In order to avoid the negative effects that may be produced by improper economic performance in a member state of the organization, requirements of rational and wise financial policies state that the financial restructuring cannot be implemented at the expense of the poor classes or sectors in rural or urban areas.
The scarcity and fluctuation of external resource flows and the weak ability to mobilize domestic resources is one of the most important challenges facing African countries in achieving their economic and social goals, especially since the international loan flows for development events that Africa obtained during the seventies failed to bring about a real economic transformation as the economic crises exacerbated many failures.
These failures were birthed from failure by African countries to meet external debt obligations, which led to the accumulation of external debt, which led to a decline in loan flows, official aid and private foreign investment.
An African Plan
The rapid and real process of economic and social transformation capable of addressing the major problems and crises facing Africa must take place within the framework of leap programs.
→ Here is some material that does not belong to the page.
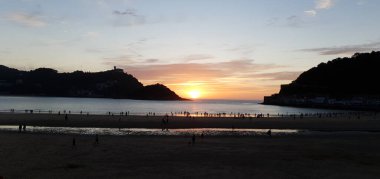 Donostia San Sebastian, Bask Ülkesi, İspanya, 5 Mayıs 2020: Donostia San Sebastian Körfezi 'nde gün batımı manzarası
Big push, comprehensive, consistent and sustainable – an African Marshall project! This is evidenced by the experiences of Europe after the devastation caused by the war necessitated the provision of huge financial resources through the (Marshall Project).
Africa must move away from the traditional historical financing channels and open new channels in economic relations with the countries of the South, especially with emerging market countries in Asia, which have become a prominent figure in international economic relations and are now playing an important role in the fields of foreign investment in African countries, such as what China is doing in Africa.
Therefore, it is possible to activate the role of these countries in bringing about real economic transformations and to create a smart partnership between the two continents with the possibility of developing the southern-southern relations to extend to the countries of Latin America, especially since all the analysis and extrapolations confirm that the countries of BRICS China, India, Brazil, Russia and South Africa will play a vanguard role in leading the countries’ economies in during the next few decades.
The analysis also states that the relationship with them must be in the strategic framework.
We conclude that the mobilization of financial resources in order to bring about the process of targeted transformation requires an institutional structure, and most African countries are yet to provide the appropriate climate for this and to create a stimulating and attractive environment for official resource flows and private foreign investment.
The New Partnership Initiative for Development in Africa is still underway.
The NEPAD is unable to mobilize resources and financial flows to the countries of the continent. However, it is still an opportunity to realize through it a true African Marshall Plan, if the will of African leaders and elites is true.